> [Task to carry out]:
For this listing, reproduce the line with "Load image into", the line with "Sale - Apartment - Orihuela - La Zenia", and the lines between, exactly as they stand. Leave out pictures and all other lines.

> [Given records]:
---
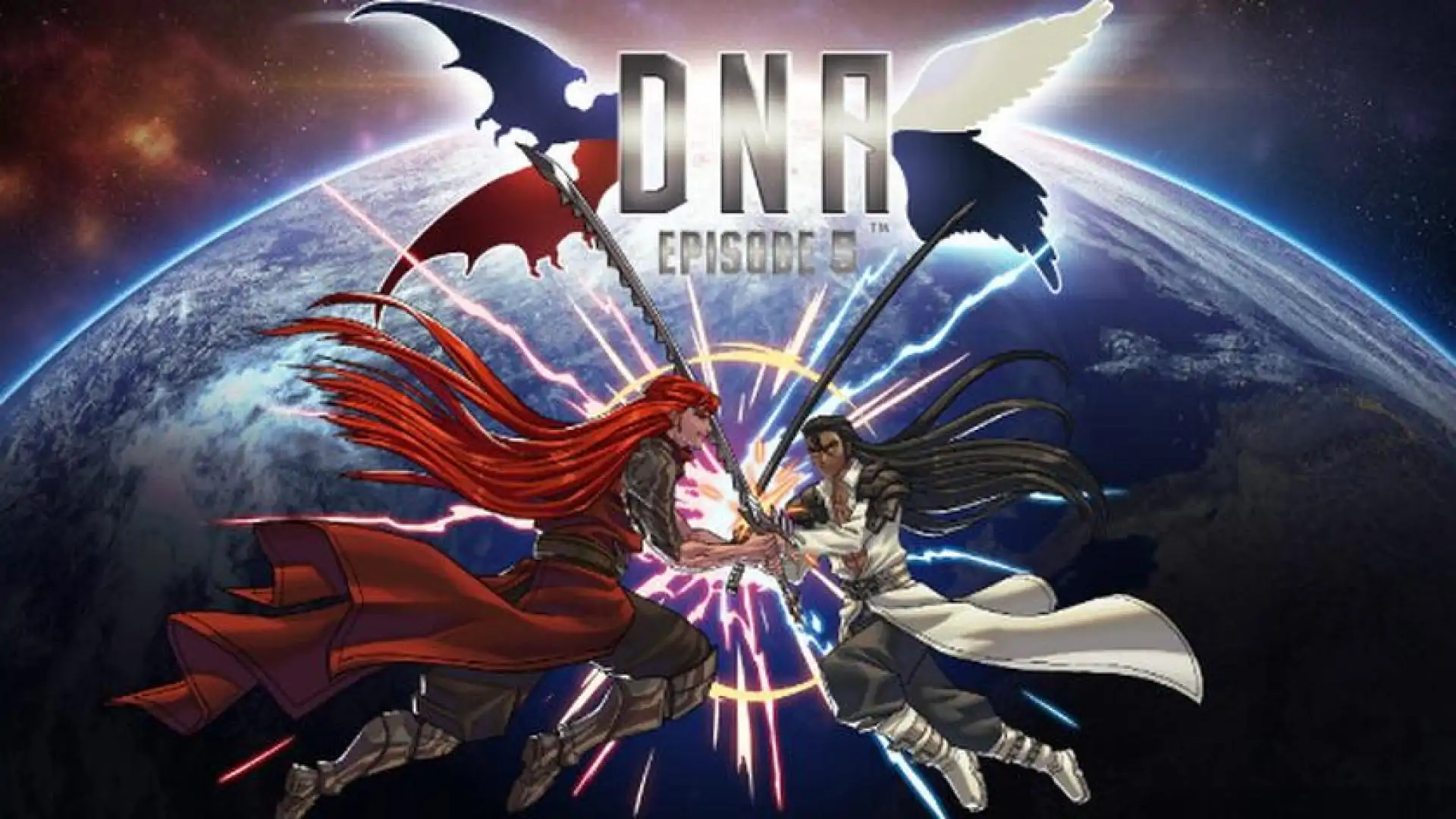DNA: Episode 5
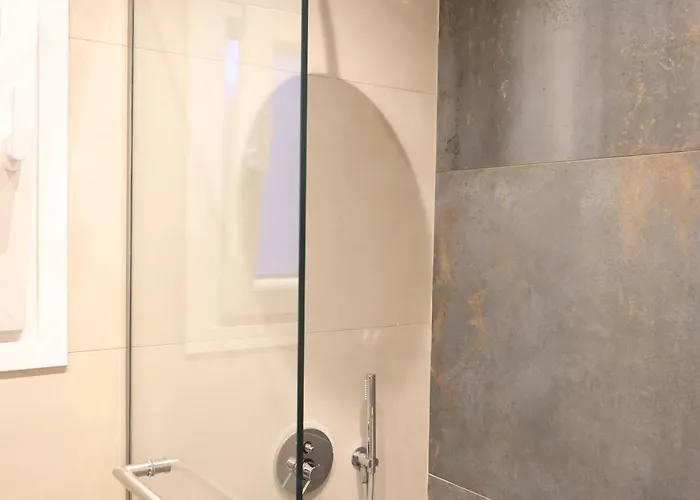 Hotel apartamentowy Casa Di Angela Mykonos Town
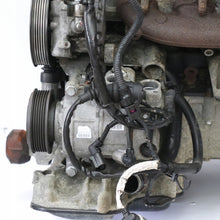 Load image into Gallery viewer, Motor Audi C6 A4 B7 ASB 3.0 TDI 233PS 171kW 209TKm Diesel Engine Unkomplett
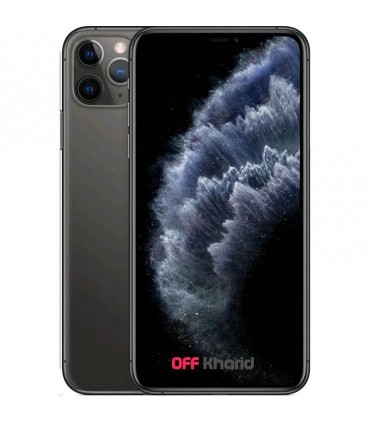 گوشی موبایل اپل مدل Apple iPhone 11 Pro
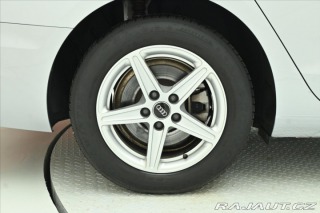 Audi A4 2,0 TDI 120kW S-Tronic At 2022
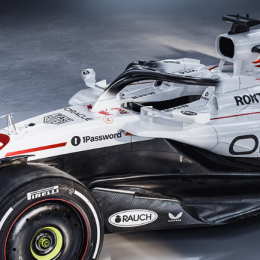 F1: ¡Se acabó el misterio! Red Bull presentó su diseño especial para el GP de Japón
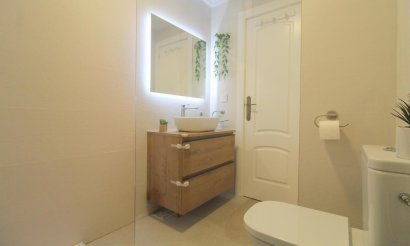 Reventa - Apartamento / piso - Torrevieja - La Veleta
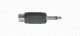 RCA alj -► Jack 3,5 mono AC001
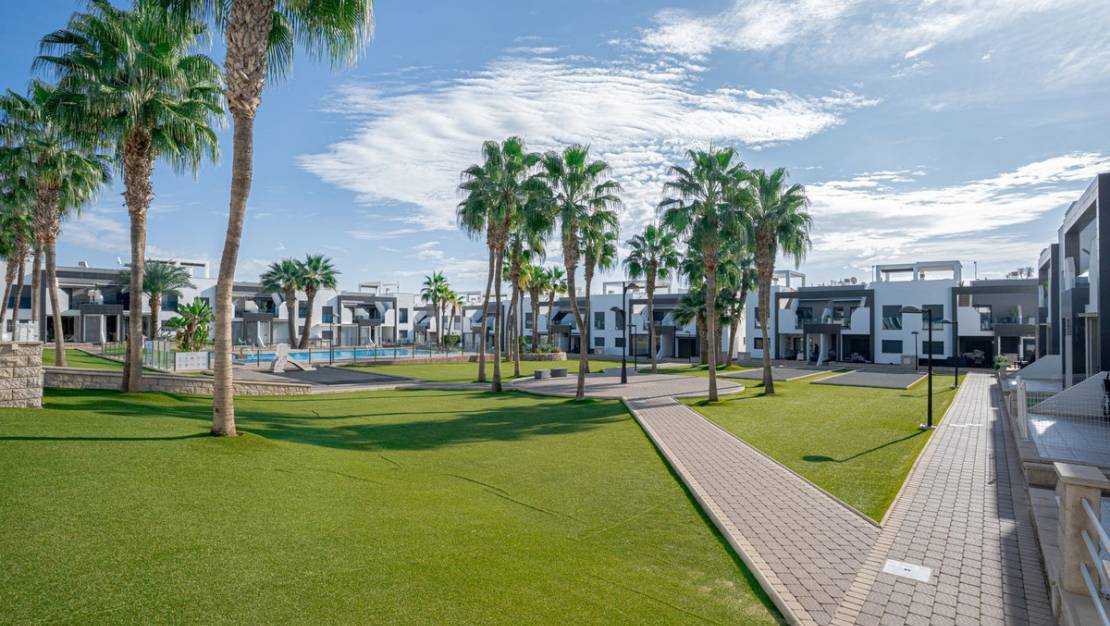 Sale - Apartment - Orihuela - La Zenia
---
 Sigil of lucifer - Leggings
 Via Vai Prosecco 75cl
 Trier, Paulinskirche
---
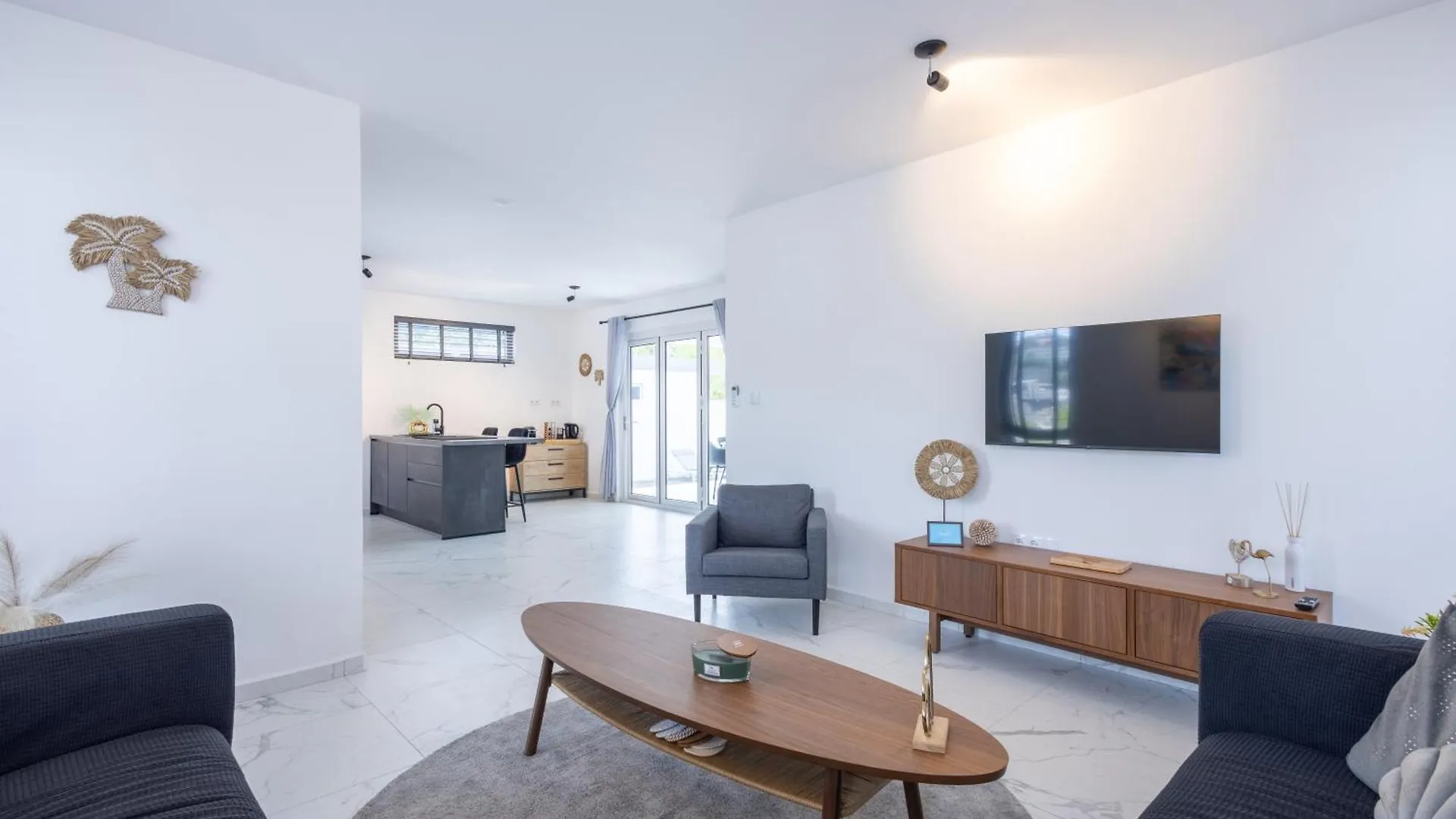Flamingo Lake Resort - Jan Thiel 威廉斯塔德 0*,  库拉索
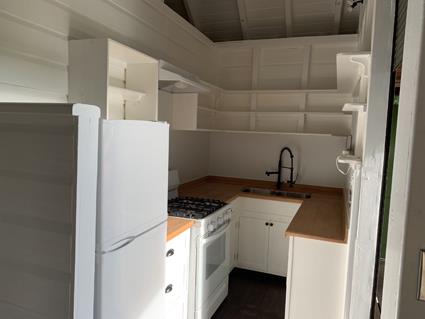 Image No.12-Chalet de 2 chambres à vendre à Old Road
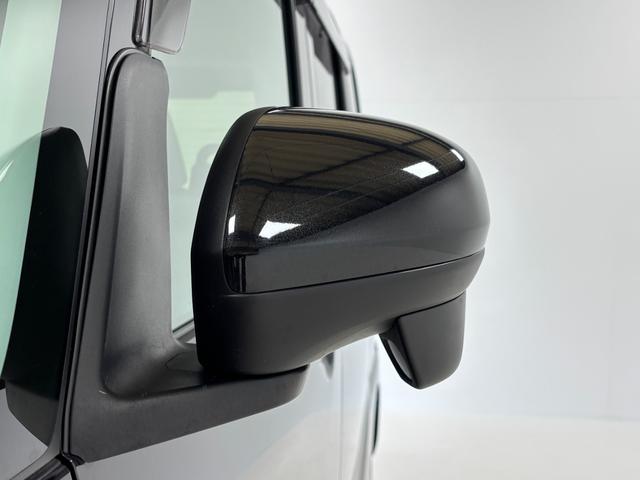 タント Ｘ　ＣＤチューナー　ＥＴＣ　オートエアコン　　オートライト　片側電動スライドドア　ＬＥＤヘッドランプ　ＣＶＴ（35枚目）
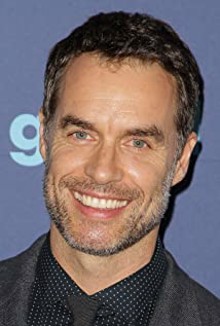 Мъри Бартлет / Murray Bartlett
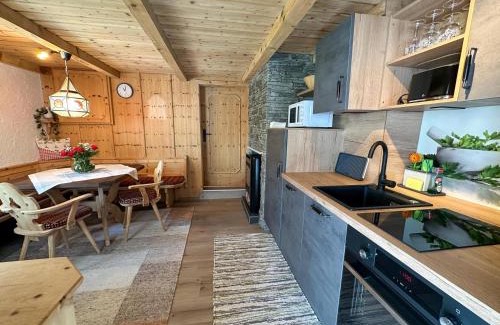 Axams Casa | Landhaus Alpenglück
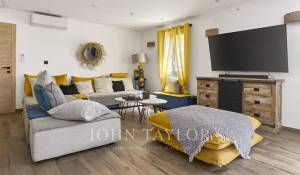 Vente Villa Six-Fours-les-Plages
---
> [Result]:
 Load image into Gallery viewer, Motor Audi C6 A4 B7 ASB 3.0 TDI 233PS 171kW 209TKm Diesel Engine Unkomplett
 گوشی موبایل اپل مدل Apple iPhone 11 Pro
 Audi A4 2,0 TDI 120kW S-Tronic At 2022
 F1: ¡Se acabó el misterio! Red Bull presentó su diseño especial para el GP de Japón
 Reventa - Apartamento / piso - Torrevieja - La Veleta
 RCA alj -► Jack 3,5 mono AC001
 Sale - Apartment - Orihuela - La Zenia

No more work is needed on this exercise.